What you need to do → Transcribe the entries below word for word, beginning at the line with "Sulamericana Kupası: Sao" and stopping after the line with "Done by Deer"; drop all pictures.

Stored items from a collection
┌──

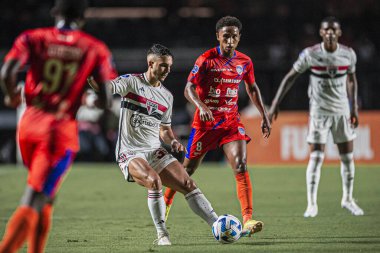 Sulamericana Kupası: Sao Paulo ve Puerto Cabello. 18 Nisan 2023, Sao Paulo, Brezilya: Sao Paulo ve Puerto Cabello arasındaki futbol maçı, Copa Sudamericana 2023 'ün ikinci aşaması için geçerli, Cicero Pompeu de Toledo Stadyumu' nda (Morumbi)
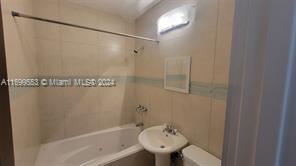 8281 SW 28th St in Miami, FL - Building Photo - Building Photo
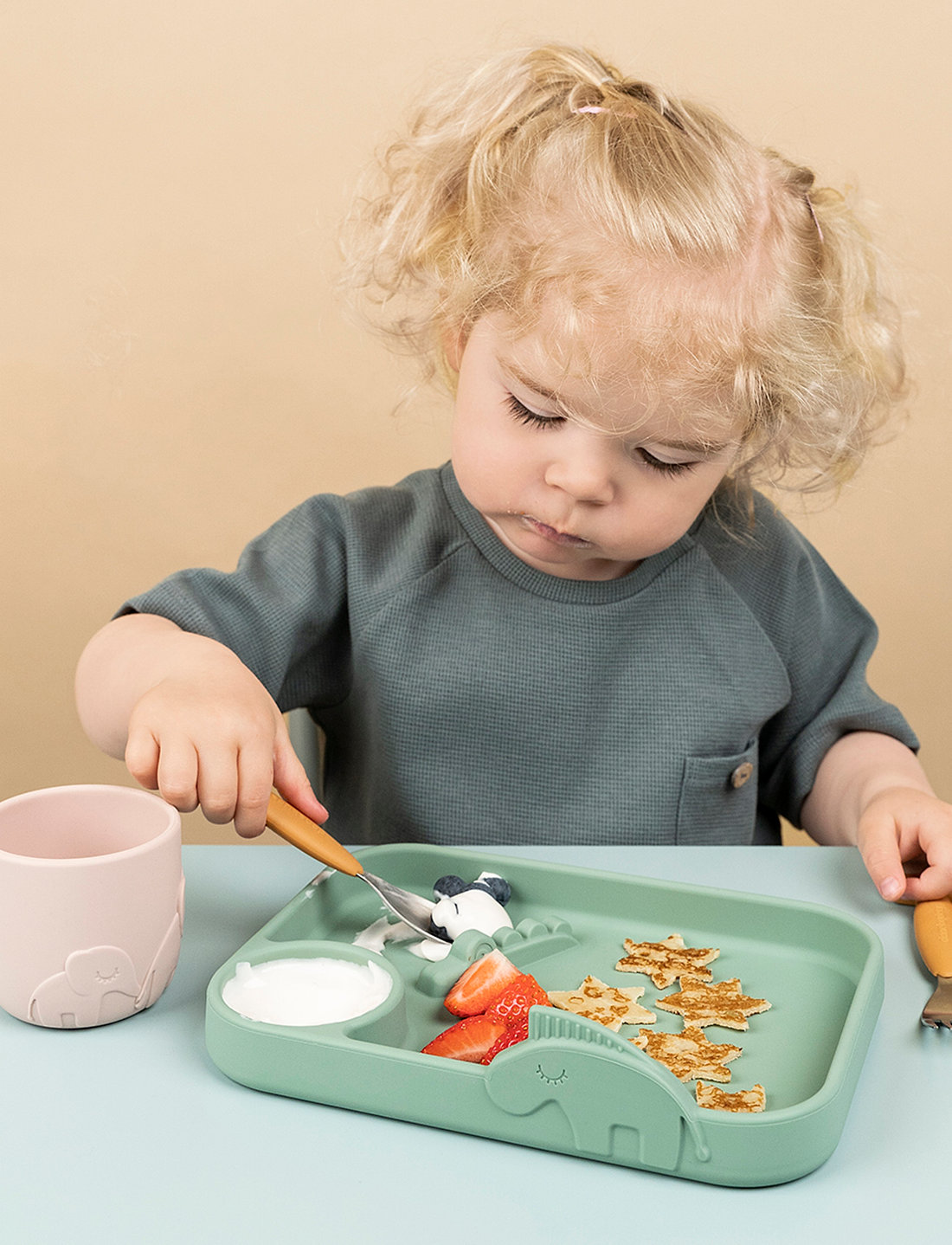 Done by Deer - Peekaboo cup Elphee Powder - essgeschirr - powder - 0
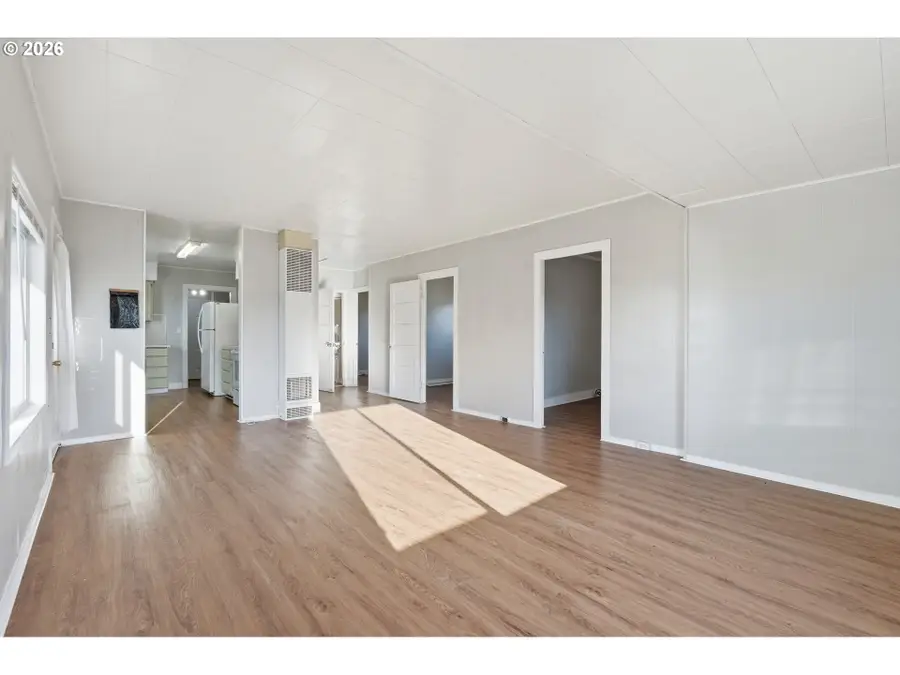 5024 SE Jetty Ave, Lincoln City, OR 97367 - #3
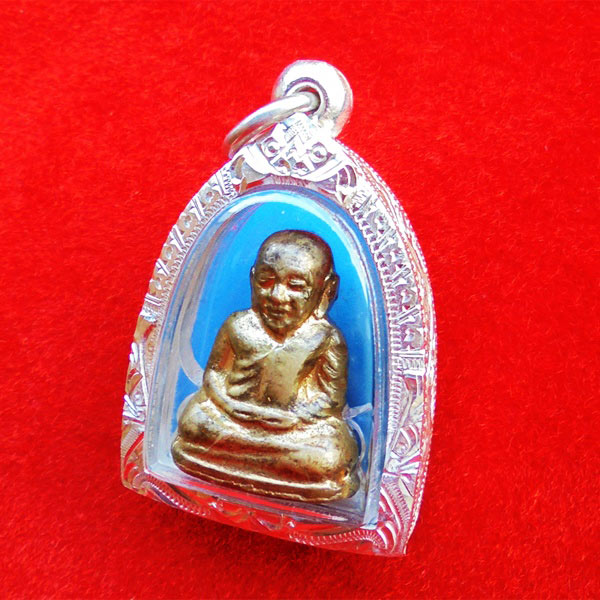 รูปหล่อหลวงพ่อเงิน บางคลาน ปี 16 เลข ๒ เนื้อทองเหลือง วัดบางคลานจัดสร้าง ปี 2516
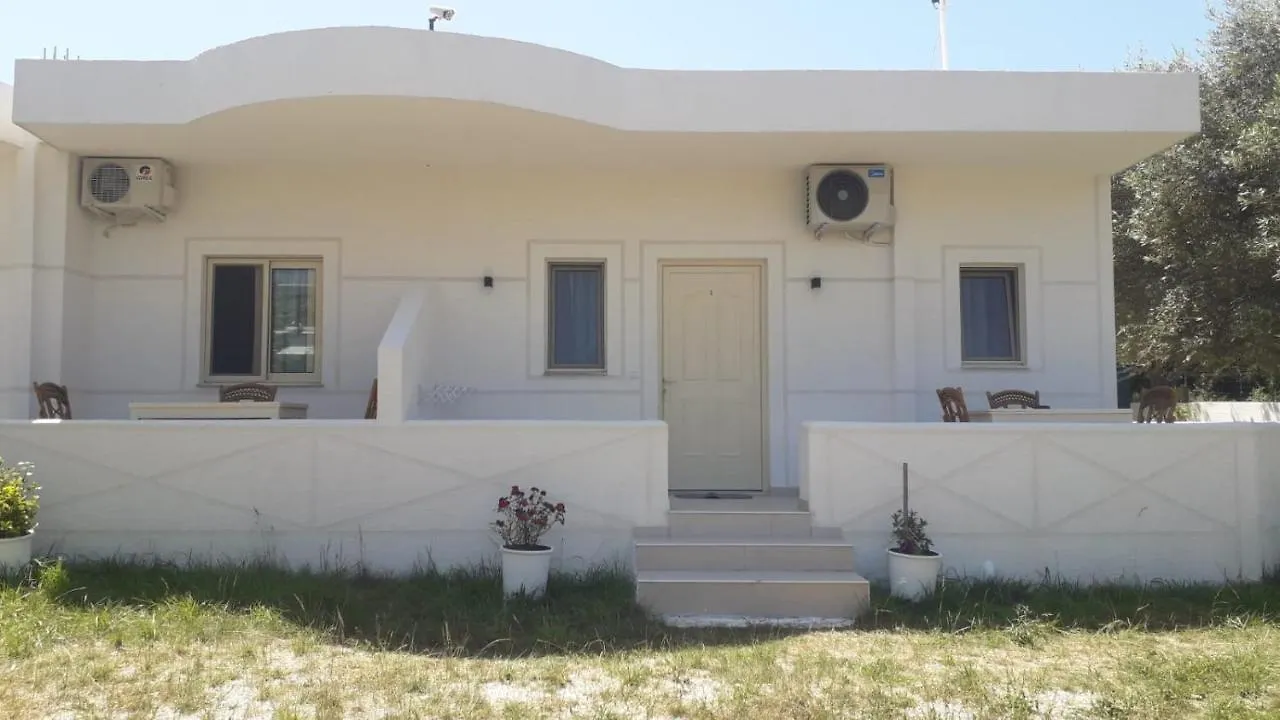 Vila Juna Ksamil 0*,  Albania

└──
┌──

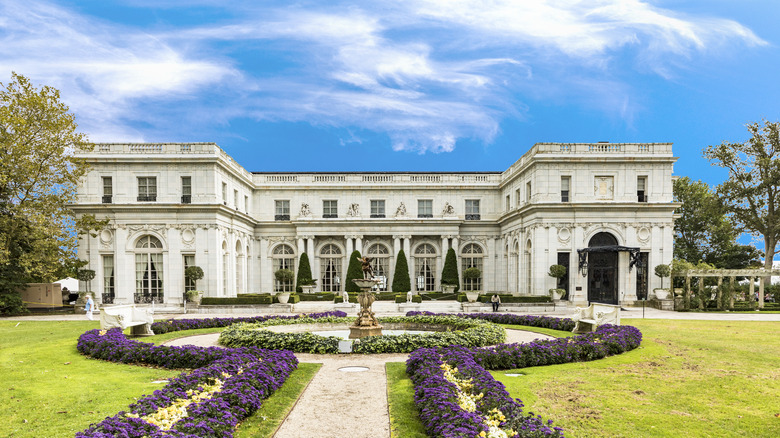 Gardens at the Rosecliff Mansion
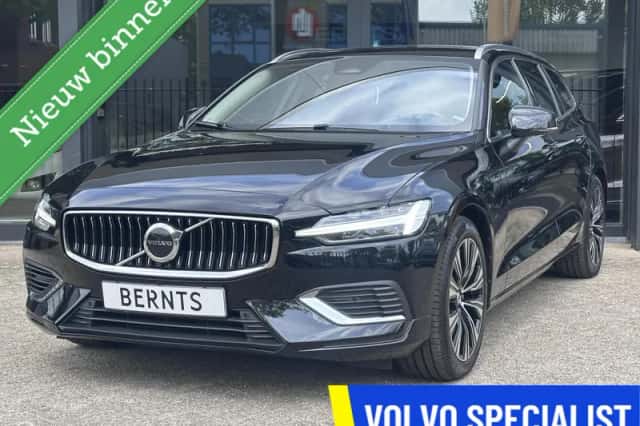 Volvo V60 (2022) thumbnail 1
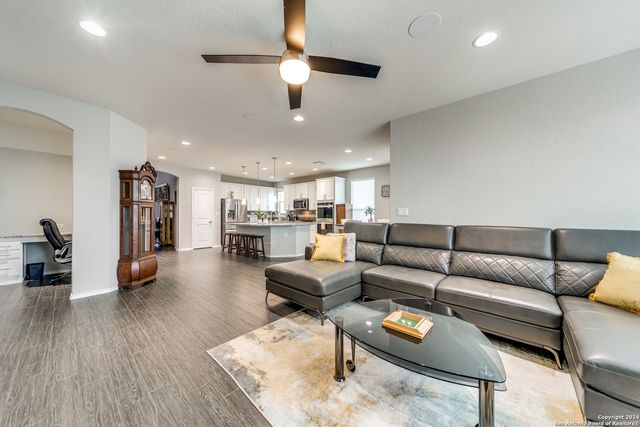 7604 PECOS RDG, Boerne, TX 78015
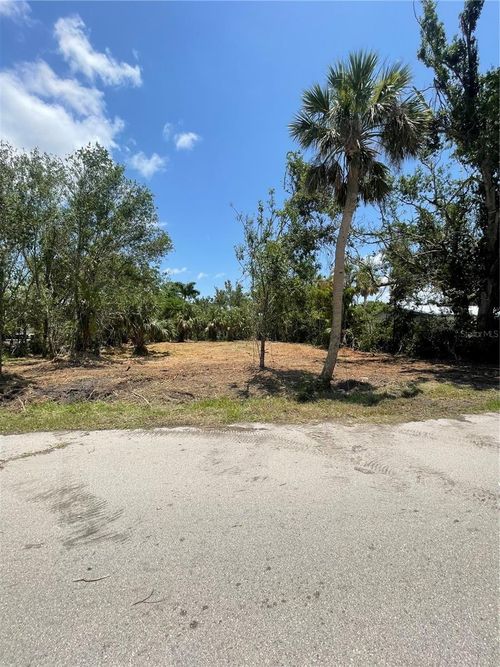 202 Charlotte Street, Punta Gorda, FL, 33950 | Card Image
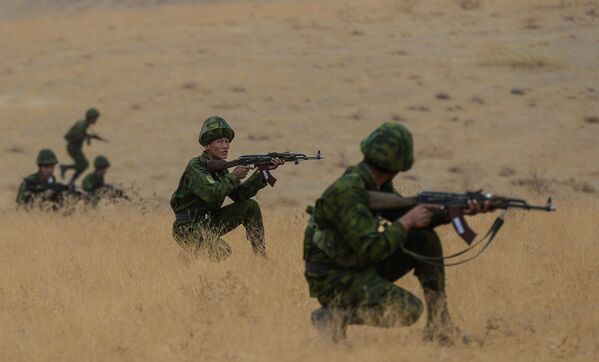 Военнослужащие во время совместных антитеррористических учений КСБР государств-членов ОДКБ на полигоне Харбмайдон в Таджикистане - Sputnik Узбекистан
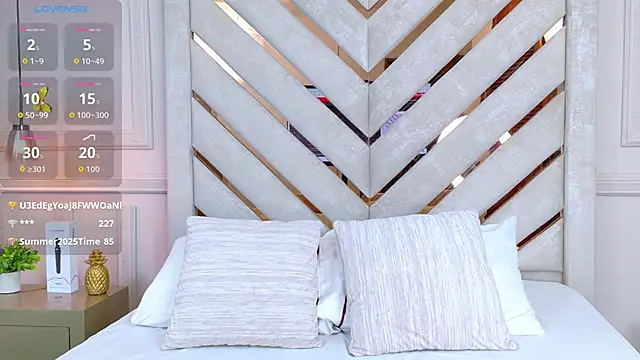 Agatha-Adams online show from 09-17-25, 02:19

└──

Finished task →
 Sulamericana Kupası: Sao Paulo ve Puerto Cabello. 18 Nisan 2023, Sao Paulo, Brezilya: Sao Paulo ve Puerto Cabello arasındaki futbol maçı, Copa Sudamericana 2023 'ün ikinci aşaması için geçerli, Cicero Pompeu de Toledo Stadyumu' nda (Morumbi)
 8281 SW 28th St in Miami, FL - Building Photo - Building Photo
 Done by Deer - Peekaboo cup Elphee Powder - essgeschirr - powder - 0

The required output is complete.